> _Exercise data_
◆ ◆ ◆ ◆ ◆ ◆ ◆
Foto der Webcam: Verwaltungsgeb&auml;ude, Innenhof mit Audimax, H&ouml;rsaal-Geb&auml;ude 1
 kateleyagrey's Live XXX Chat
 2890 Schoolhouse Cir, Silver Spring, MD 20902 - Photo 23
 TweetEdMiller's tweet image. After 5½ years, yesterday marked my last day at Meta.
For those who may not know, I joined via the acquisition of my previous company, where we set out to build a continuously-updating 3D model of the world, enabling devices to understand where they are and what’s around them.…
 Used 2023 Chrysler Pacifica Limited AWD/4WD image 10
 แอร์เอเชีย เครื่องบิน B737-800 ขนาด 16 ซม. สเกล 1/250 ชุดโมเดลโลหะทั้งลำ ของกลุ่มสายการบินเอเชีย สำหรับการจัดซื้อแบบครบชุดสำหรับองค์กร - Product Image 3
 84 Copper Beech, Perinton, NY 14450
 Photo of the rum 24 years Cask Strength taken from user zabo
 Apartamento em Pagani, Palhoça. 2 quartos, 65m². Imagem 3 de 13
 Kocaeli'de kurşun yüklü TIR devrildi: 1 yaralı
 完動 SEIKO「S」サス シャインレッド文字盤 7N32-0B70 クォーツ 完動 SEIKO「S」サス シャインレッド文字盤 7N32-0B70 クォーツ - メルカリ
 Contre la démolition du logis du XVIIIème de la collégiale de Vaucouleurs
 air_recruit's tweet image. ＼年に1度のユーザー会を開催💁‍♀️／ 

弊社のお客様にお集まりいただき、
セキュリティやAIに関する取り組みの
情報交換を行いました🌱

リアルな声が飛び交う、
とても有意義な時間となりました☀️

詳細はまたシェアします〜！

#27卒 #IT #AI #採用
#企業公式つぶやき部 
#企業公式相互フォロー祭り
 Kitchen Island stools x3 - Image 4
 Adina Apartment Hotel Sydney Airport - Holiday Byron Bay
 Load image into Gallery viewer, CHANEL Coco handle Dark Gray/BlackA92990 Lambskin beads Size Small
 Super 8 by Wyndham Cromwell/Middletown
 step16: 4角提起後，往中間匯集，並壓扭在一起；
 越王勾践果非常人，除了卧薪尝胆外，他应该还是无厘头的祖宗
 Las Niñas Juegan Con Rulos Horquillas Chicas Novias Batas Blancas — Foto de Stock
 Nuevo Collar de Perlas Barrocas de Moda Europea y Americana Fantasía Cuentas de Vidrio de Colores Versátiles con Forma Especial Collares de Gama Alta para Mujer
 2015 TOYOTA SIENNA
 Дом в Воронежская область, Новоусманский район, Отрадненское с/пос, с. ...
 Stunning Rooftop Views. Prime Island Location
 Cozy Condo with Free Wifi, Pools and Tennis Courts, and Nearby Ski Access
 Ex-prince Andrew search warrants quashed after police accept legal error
◆ ◆ ◆ ◆ ◆ ◆ ◆
> _Exercise requirements_
Copy only this part of the entries above: the line with "แอร์เอเชีย เครื่องบิน B737-800", the line with "越王勾践果非常人，除了卧薪尝胆外，他应该还是无厘头的祖宗", and the lines between, all exactly as written.

> _Written response_
 แอร์เอเชีย เครื่องบิน B737-800 ขนาด 16 ซม. สเกล 1/250 ชุดโมเดลโลหะทั้งลำ ของกลุ่มสายการบินเอเชีย สำหรับการจัดซื้อแบบครบชุดสำหรับองค์กร - Product Image 3
 84 Copper Beech, Perinton, NY 14450
 Photo of the rum 24 years Cask Strength taken from user zabo
 Apartamento em Pagani, Palhoça. 2 quartos, 65m². Imagem 3 de 13
 Kocaeli'de kurşun yüklü TIR devrildi: 1 yaralı
 完動 SEIKO「S」サス シャインレッド文字盤 7N32-0B70 クォーツ 完動 SEIKO「S」サス シャインレッド文字盤 7N32-0B70 クォーツ - メルカリ
 Contre la démolition du logis du XVIIIème de la collégiale de Vaucouleurs
 air_recruit's tweet image. ＼年に1度のユーザー会を開催💁‍♀️／ 

弊社のお客様にお集まりいただき、
セキュリティやAIに関する取り組みの
情報交換を行いました🌱

リアルな声が飛び交う、
とても有意義な時間となりました☀️

詳細はまたシェアします〜！

#27卒 #IT #AI #採用
#企業公式つぶやき部 
#企業公式相互フォロー祭り
 Kitchen Island stools x3 - Image 4
 Adina Apartment Hotel Sydney Airport - Holiday Byron Bay
 Load image into Gallery viewer, CHANEL Coco handle Dark Gray/BlackA92990 Lambskin beads Size Small
 Super 8 by Wyndham Cromwell/Middletown
 step16: 4角提起後，往中間匯集，並壓扭在一起；
 越王勾践果非常人，除了卧薪尝胆外，他应该还是无厘头的祖宗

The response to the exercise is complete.